Griffey v. Koehler
Decision Date | 07 June 1932 |
Docket Number | No. 21844.,21844. |
Parties | GRIFFEY v. KOEHLER et al. |
Court | Missouri Court of Appeals |
Appeal from Circuit Court, St. Louis County; Amandus Brackman, Judge.
"Not to be officially published."
Action by Pink Griffey against Andrew Koehler and others, subsequently dismissed except as to defendant named. Verdict for plaintiff, and from an order granting defendant's motion for a new trial, plaintiff appeals.
Affirmed, and cause remanded.
George F. Heege, of Clayton, for appellant.
Walter Wehrle, of Clayton, for respondent.

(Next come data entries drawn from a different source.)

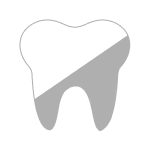 ホワイトニング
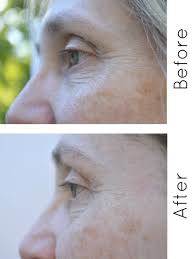 Our exclusive formula accelerates the removal of old, dull skin cells on the surface revealing fresh, new ones. Roc Retinol Skin Care Review With Before And After Photos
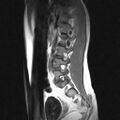 Arachnoid cyst - spinal (Radiopaedia 66835-76157 Sagittal T1 2).jpg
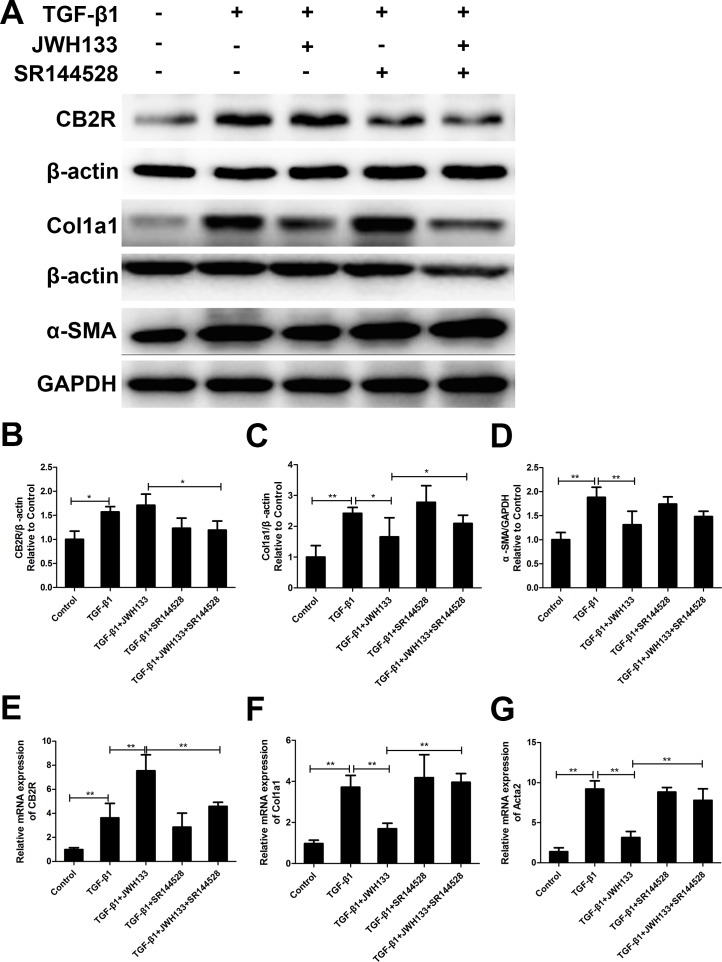 CB2R agonist JWH133 inhibited TGF-β1 induced mice lung fibroblasts collagen I and α-SMA expressionMice lung fibroblasts were preincubated (30 min, 37°C) with or without JWH133 (10μM) or/and SR144528 (1.0μM), then stimulated (48 h, 37°C) with TGF-β1 (5ng/ml). The expression of cannabinoid receptor type 2 (CB2R), collagen I (Col1a1) and α-SMA (Acta2) were evaluated by western blotting (A) and RT-qPCR (E, F and G); (B, C and D): quantification of CB2R, Col1a1 and Acta2. Data are mean ± SD of 3 independent experiments. *P < 0.05, **P < 0.01.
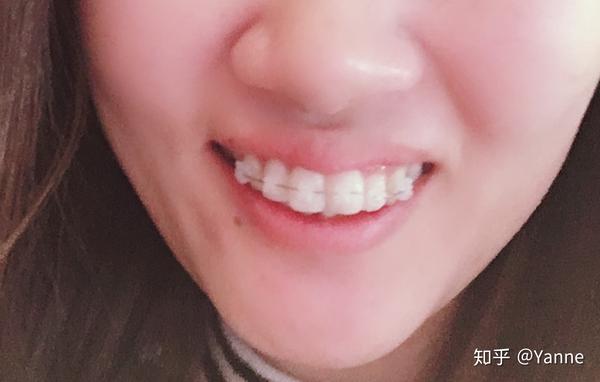 牙齿矫正--28岁半钢牙妹初体验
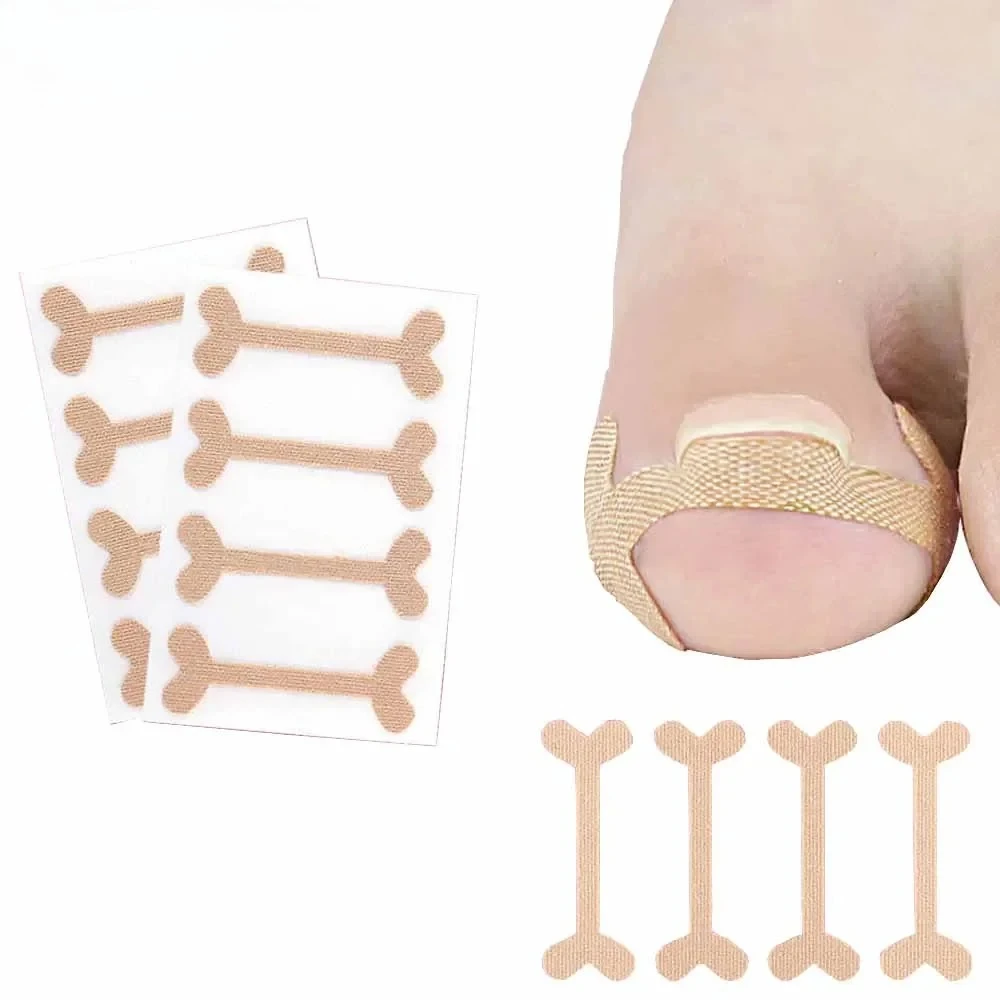 20-100pcs Ingrown Toenail Corrector Stickers Paronychia Treatment Pedicure Toe Nail Care Corrector Patch Correction Stickers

This is an appeal by the plaintiff from an order of the circuit court of St. Louis county, sustaining the defendant's motion for a new trial.
The action is one for damages for personal injuries which were sustained by plaintiff, Mrs. Pink Griffey, in an automobile collision which occurred on the Manchester road, in St. Louis county, on June 29, 1930. The collision was between a Nash coach owned and driven by H. E. Griffey, a son of the plaintiff, and a Ford sedan owned by defendant, Andrew Koehler, but being driven at the time by his nephew, A. G. Caffer. Plaintiff was an occupant of her son's automobile.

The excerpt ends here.